The data:
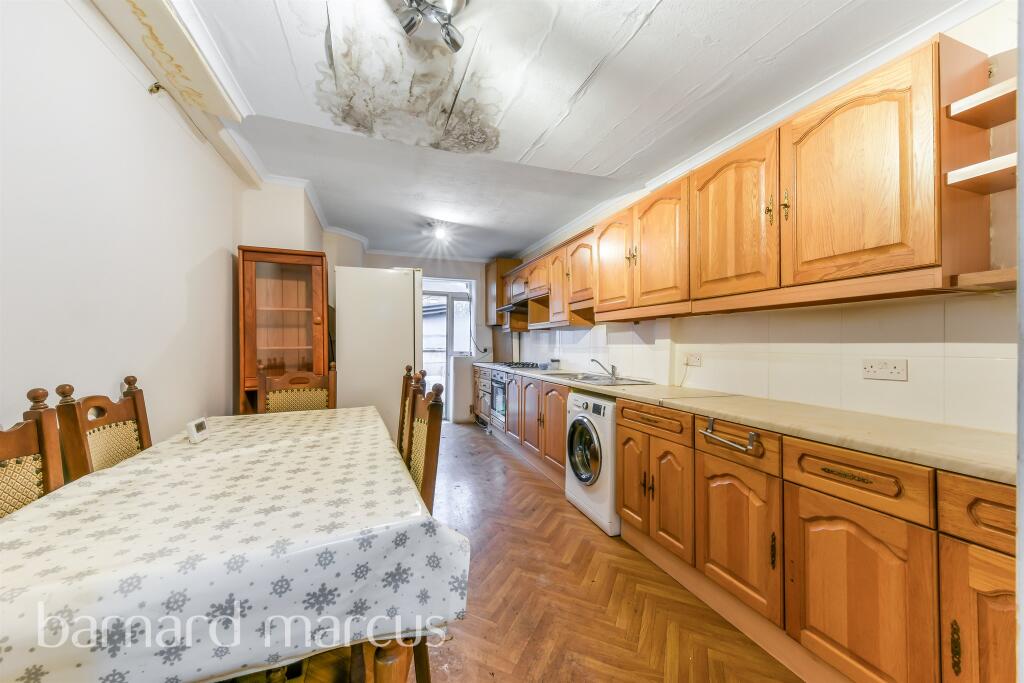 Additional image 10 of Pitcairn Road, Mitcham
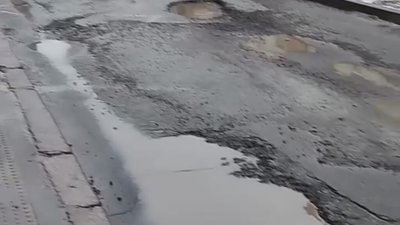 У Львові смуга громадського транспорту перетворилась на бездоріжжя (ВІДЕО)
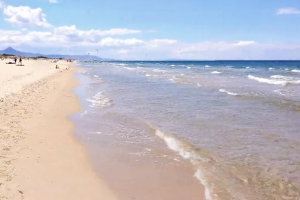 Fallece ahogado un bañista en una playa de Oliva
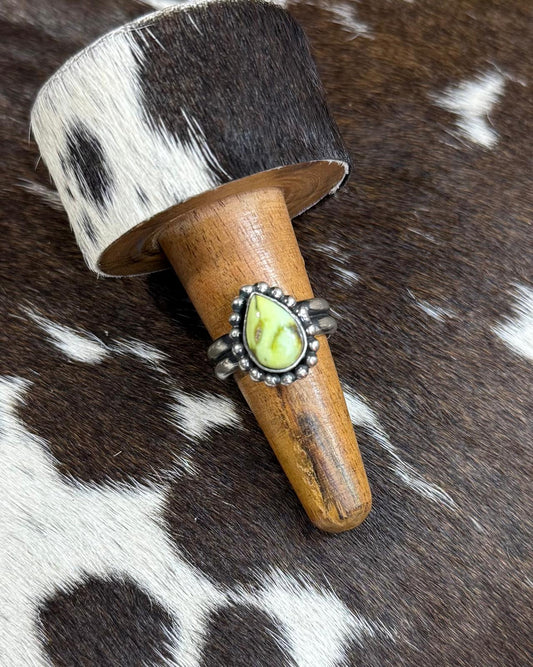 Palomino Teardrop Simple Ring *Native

Work instructions: The listing above should be transcribed word for word, with its pictures left out.

Answer for the task:
 Additional image 10 of Pitcairn Road, Mitcham
 У Львові смуга громадського транспорту перетворилась на бездоріжжя (ВІДЕО)
 Fallece ahogado un bañista en una playa de Oliva
 Palomino Teardrop Simple Ring *Native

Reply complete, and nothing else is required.